According to the Kivu Security Tracker, over the past few years, more than 5,000 civilians in the region have been victims of kidnappings and abductions. Kidnapping targets range from school children to women and businessmen. Rape and torture are common techniques of extortionists, and it often ends up deadly.

Ambushes are particularly concentrated in the area in which Milambo, Iacovacci and Attanasio lost their lives.

It is also a place where many different security actors hold sway, complicating attribution. The place of the incident is home to Congolese army checkpoints and a Virunga Park ranger station, and has had recent incursions by the Rwandan Armed Forces. It also straddles the zones of influence of three armed groups: a faction of the Democratic Forces for the Liberation of Rwanda (FDLR) – a Rwandese armed group holding out in the Virunga Park – a faction of the Congolese Hutu self-defence group, Nyatura, and the remnants of the March 23 Movement (M23), also known as the Congolese Revolutionary Army.

While some armed groups definitively do kidnappings, it appears that criminal networks – involving rogue army commanders – also use kidnapping as a way to make money. And in research for my forthcoming book, locals in Kiwanja and Goma told me that go-betweens from the local authorities or the army are often involved in setting up the exchange.

Kidnapping is just one of the things that make roads in this part of Congo so insecure. Nearly half of all violent incidents take place alongside the sparse roads that cut across eastern Congo.

As I’ve covered in my research, roads here are dangerous because everything of value has to pass along them. Armed actors can make a quick buck by targeting traffic along them through roadblocks and hold-ups.

Or lethal politics?

But there is another side to this tragedy that is equally important. It could be a political play. One of these issues could be the growing tensions between the Virunga National Park, politicians and local communities.

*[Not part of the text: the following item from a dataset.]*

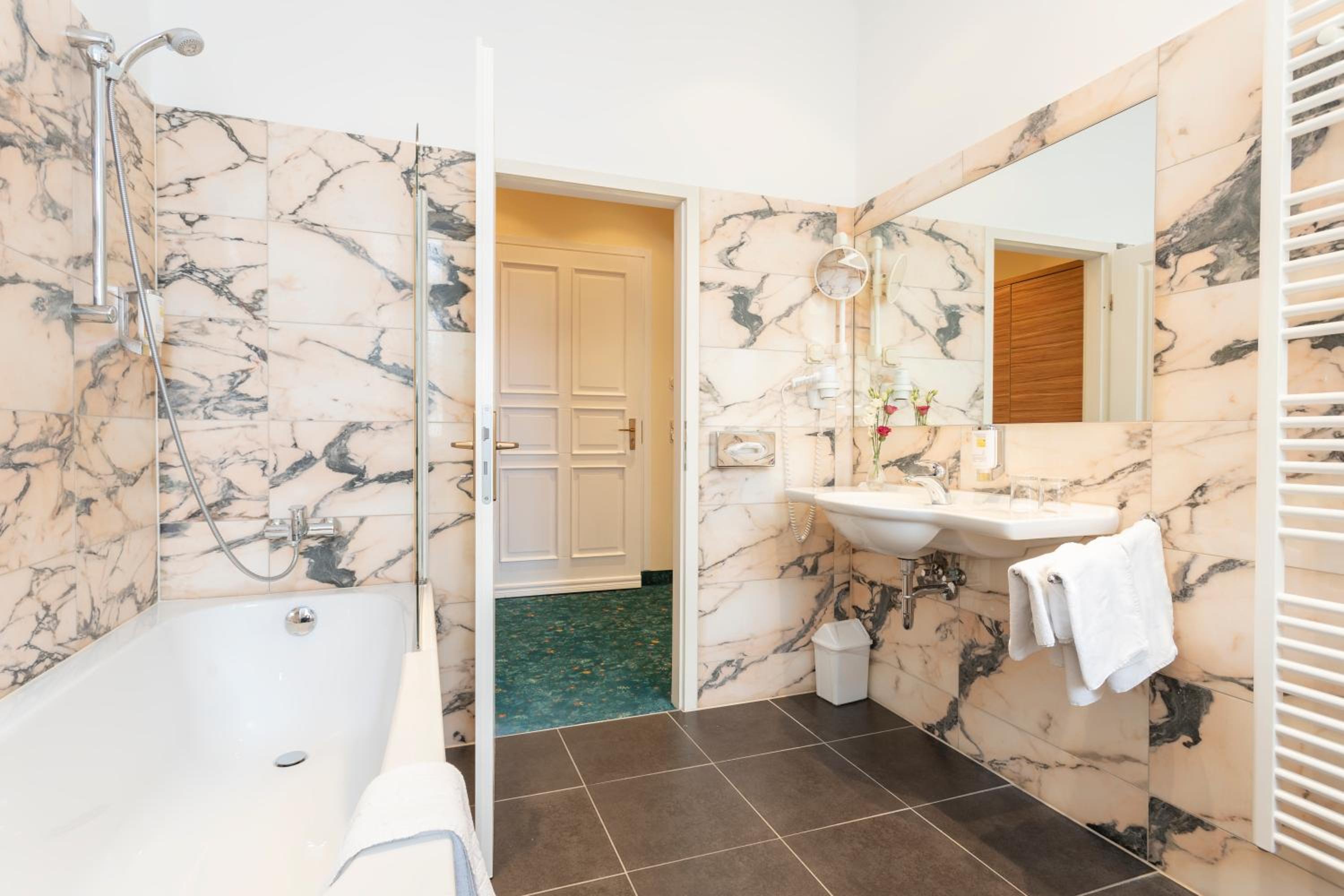 Superior Double Room - Photo 2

The Congolese government quickly blamed the Democratic Forces for the Liberation of Rwanda for the deaths. But the group is often used as a scapegoat because they’re partly composed of people involved in the 1994 genocide in Rwanda. Blaming a group hated by many people can place other issues out of view.

The Virunga Park is highly unpopular among large factions of the local population, some of whom profit from ties to armed groups, and who feel the park uses aggressive methods to keep them from surviving by exploiting the park’s natural resources.

Read more: Why rangers in the Congo's Virunga national park are under attack

Political interests align with local grievances, because politicians covet popular votes as well as the oil deposits under the park. The park’s Belgian director, Emmanuel de Merode, already received a warning when the vehicle he was travelling in came under fire in 2014. Ever since, attacks on park rangers have been frequent. In 2018, very close to the site of this week’s attack, two British tourists were kidnapped for two days.

Seen in this light, recent events may well be part of a murkier political struggle for control over the park’s resources.

The death of the Italian ambassador highlights the insecurity in eastern Congo – and how kidnappings and politics drive this. It’s a stark reminder of the millions of Congolese people who are at the mercy of violent crime every day.